SHSU... Thanks for the advise I will look into all that you suggested. I have decided to do a few things differently. I talked to a respected marine mechanic and based on the quote he gave and the fact that I paid $0 dollars for the boat I am going to have him go through the motor and what-not. I would have a better piece of mind. After exploring boat motors and giving it a look, it would take too much trial and error or headache.
I tore my 1974 Evinrude (1977 power head installed) down to the casing and cleaned everything myself; however, that is an old two stroke vs your newer four stroke. If you can and have the time, ask the mechanic if you can watch and learn from him while he works on your motor. That way if you break down on the water you have a better idea what you are looking at and how things are supposed to work. Plus, once you see him do it you may feel comfortable replacing some of the items yourself when the time comes. Also, ask him about his thoughts on bypassing the oil injection and premixing your fuel. Do a quick search on the forum or google and you will see people that talk about doing it. There are pros and cons to it, but in a nut shell if you premix your fuel, you know your motor is getting oil. Where as if the oil injection fails, you have no idea until its to late (or so I have read)
However, the deck, foam, wiring, etc... I will do. What I want to do on the deck is replace all the wood and paint it. No carpet for me. So the plan is to use stainless steel screws, and use some type of nonskid paint or bed liner (suggestions?), I have read that I need to paint both sides of the wood, so i'll do that. I also plan on caulking of sealing all the seems and crack before painting.
There is some wasted space in the design i think so I'll do a little bit of change to the original plan, but essentially it will be the same. Its set up for fishing already and thats what we like to do.
Any suggestion on deck replacement would be welcome.
Foam: Closed cell foam is a must. Most guys use the pink/blue foam from the big box sores. You can use pour in foam, but there are varying opinions on which is better. As pour in closed cell foam isn't entirely closed cell and will absorb water over a long period of time. Do a quick search and you will see people going back and forth on it. You will note Starcraft did put pour in foam so......
Deck: exterior deck plywood is what a lot of guys use here on the forum (CDX). Some use marine grade, but you will find most everyone says why pay the huge difference.
Fasteners: If you are talking about securing your deck to the hull, then you should be looking at blind rivets. Screws will back out with time and don't have as much holding power in this situation. Just make sure you measure your distance for your drill bit and mark it with tape so you don't over drill and go through your hull.

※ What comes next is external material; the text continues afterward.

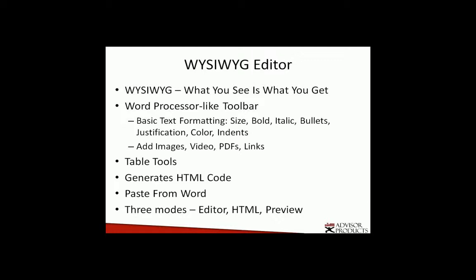The primary means by which you're going to format the content on your website is the WYSIWYG editor. This is a fairly old term as far as computer terms go, but it stands for what you see is what you get. The goal of these editors is to allow you to visually format the content without having to know anything technical. It's got a word processor-like toolbar just like Microsoft Word or Google Docs or any of the other word processing programs.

Sealing: it comes down to what do you want to do with it and how much effort and time you want to spend. Some guys use oil based paint/spar varnish and paint all 6 sides with several coats and call it good. Other's decide to go the extra mile and use epoxy or poly resin to seal. Sealing it will give you a leg up on what the factory did before. As for caulking the cracks and seams, no need. Your sealing should take care of it, and if it didn't then the caulk would only be temporary before failure.
Top coat/flooring: Some guys have used bed liner on the top and others have used vinyl (Nautolex Marine Vinyl Flooring). Another option is to use some form of paint and use non skid beads in them to give you same type of grip in it.
Wiring: See below pic on gauge vs amps vs distance (From West Marine). If you are going to be in saltwater, make sure to use marine grade wire. I am rewiring with 14 gauge for most everything except motor and trolling motor.